Work instruction
Below are the entries. Transcribe exactly the lines from the one with "Cheap vs Expensive" through the one with "Lavender Sky Desert Landscape Postcard", ends included, and leave out all others.

################

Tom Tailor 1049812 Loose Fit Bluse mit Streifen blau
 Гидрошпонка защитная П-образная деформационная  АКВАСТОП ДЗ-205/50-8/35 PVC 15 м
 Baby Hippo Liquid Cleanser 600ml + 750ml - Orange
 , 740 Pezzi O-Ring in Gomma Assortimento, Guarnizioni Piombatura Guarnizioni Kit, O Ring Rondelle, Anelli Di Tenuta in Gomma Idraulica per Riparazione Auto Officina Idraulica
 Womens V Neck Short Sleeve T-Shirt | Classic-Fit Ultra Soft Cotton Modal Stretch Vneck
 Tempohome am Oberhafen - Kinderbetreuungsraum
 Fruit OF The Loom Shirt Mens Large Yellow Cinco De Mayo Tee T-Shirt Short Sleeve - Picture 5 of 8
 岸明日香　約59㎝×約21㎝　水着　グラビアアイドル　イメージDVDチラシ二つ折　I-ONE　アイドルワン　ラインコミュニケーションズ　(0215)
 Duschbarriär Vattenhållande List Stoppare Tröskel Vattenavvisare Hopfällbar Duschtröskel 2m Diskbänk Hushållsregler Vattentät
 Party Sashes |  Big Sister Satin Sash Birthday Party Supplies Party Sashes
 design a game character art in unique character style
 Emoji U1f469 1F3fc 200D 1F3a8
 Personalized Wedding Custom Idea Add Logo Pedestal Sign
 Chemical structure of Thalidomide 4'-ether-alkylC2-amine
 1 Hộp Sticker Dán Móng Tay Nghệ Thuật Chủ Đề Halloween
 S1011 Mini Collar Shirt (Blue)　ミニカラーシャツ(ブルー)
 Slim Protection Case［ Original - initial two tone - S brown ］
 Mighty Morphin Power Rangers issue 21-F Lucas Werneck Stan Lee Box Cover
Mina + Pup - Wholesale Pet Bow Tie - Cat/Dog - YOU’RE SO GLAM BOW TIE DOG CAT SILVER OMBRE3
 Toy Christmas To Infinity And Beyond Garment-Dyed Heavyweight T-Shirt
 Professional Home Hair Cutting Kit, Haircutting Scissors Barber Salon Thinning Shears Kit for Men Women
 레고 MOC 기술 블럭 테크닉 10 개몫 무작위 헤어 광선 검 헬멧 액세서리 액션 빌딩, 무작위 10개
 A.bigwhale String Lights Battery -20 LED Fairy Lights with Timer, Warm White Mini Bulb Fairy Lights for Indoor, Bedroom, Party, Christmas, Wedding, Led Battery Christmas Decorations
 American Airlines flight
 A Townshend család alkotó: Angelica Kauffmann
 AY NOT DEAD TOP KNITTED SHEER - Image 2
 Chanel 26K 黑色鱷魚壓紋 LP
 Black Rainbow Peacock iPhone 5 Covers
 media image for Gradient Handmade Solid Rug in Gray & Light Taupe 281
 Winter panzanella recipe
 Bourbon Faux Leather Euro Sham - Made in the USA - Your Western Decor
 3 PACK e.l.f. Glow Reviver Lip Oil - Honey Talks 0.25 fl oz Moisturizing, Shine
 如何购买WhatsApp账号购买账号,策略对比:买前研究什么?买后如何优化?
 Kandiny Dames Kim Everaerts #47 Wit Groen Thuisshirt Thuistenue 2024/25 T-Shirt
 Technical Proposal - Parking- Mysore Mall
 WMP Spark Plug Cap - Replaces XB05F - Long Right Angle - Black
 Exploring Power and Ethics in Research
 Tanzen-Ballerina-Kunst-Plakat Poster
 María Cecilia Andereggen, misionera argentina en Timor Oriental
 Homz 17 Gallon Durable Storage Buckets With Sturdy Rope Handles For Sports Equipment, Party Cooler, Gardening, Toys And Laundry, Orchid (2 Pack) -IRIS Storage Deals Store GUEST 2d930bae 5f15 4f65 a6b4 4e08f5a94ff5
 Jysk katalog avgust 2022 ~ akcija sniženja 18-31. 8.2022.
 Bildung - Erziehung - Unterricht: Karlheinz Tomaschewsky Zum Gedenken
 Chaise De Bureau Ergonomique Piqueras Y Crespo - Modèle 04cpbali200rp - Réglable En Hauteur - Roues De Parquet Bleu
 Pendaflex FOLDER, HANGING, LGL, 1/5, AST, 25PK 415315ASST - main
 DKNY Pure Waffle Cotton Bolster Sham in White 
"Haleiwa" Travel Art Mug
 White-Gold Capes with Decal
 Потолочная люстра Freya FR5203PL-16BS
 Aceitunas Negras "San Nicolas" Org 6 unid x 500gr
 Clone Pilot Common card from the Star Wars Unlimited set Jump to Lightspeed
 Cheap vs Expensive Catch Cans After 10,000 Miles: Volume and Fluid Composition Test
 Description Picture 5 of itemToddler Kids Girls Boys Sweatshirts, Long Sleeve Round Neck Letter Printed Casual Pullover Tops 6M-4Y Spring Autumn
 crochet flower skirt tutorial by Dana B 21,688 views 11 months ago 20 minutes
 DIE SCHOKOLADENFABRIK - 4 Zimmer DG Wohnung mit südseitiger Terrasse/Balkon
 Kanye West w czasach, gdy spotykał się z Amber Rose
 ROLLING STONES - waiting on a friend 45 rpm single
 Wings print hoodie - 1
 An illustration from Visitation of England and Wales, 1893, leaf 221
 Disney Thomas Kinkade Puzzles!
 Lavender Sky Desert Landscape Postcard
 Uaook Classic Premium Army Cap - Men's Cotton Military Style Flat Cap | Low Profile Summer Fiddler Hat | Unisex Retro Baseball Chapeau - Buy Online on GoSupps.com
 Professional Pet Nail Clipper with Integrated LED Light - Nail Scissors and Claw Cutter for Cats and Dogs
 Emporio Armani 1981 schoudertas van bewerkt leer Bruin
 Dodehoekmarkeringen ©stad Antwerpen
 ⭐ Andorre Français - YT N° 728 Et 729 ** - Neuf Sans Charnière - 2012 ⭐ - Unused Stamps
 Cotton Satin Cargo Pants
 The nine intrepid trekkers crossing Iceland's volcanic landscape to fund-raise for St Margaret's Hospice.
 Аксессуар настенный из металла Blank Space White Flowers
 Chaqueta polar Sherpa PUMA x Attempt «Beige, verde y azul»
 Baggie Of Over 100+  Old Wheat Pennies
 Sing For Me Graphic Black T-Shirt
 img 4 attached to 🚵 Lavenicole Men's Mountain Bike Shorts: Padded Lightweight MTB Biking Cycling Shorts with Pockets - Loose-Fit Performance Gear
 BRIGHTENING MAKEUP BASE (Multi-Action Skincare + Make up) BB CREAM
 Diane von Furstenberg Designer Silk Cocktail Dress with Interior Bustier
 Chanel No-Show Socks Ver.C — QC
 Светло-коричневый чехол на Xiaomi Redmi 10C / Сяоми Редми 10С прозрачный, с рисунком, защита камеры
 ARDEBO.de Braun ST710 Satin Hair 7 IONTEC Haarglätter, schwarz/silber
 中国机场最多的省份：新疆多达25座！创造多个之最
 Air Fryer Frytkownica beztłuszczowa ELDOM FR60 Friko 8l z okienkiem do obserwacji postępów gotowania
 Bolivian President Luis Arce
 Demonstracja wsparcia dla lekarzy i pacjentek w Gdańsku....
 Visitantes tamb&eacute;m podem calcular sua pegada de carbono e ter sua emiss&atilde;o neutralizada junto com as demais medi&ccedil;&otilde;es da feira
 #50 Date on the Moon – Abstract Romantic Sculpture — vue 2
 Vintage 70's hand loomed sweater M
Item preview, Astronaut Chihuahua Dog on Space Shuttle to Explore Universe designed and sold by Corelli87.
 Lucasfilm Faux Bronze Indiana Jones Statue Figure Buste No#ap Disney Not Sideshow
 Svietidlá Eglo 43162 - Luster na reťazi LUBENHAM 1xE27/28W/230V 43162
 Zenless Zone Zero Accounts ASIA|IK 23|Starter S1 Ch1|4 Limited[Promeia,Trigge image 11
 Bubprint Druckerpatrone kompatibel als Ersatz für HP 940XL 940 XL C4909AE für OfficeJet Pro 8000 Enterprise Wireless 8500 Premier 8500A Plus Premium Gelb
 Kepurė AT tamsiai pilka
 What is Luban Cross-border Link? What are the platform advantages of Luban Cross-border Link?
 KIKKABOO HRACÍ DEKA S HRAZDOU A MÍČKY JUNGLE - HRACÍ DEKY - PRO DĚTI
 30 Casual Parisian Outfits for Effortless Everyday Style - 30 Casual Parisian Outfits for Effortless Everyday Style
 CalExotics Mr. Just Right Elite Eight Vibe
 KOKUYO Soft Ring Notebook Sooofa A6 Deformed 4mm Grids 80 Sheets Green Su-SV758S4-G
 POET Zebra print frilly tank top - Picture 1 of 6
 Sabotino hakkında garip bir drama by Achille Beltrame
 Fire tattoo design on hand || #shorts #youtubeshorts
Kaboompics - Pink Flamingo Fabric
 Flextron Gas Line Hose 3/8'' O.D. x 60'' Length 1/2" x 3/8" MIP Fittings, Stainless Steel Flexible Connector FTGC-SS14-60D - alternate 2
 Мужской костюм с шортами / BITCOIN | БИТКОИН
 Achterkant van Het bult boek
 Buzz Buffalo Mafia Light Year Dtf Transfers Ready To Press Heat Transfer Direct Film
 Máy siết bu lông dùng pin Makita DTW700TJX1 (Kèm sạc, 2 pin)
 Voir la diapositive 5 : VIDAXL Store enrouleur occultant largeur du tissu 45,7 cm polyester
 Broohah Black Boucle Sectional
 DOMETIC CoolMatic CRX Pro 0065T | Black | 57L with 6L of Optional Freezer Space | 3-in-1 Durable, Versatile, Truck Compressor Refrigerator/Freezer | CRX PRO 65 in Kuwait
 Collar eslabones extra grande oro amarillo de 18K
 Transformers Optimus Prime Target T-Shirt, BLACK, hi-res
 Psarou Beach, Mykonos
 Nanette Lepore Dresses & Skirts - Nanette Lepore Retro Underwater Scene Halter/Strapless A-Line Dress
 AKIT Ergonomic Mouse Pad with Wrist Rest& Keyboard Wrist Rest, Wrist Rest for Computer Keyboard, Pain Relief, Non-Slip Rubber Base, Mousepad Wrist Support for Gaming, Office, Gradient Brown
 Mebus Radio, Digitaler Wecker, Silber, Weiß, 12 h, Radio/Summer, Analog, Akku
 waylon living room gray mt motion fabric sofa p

################

Solution
 Cheap vs Expensive Catch Cans After 10,000 Miles: Volume and Fluid Composition Test
 Description Picture 5 of itemToddler Kids Girls Boys Sweatshirts, Long Sleeve Round Neck Letter Printed Casual Pullover Tops 6M-4Y Spring Autumn
 crochet flower skirt tutorial by Dana B 21,688 views 11 months ago 20 minutes
 DIE SCHOKOLADENFABRIK - 4 Zimmer DG Wohnung mit südseitiger Terrasse/Balkon
 Kanye West w czasach, gdy spotykał się z Amber Rose
 ROLLING STONES - waiting on a friend 45 rpm single
 Wings print hoodie - 1
 An illustration from Visitation of England and Wales, 1893, leaf 221
 Disney Thomas Kinkade Puzzles!
 Lavender Sky Desert Landscape Postcard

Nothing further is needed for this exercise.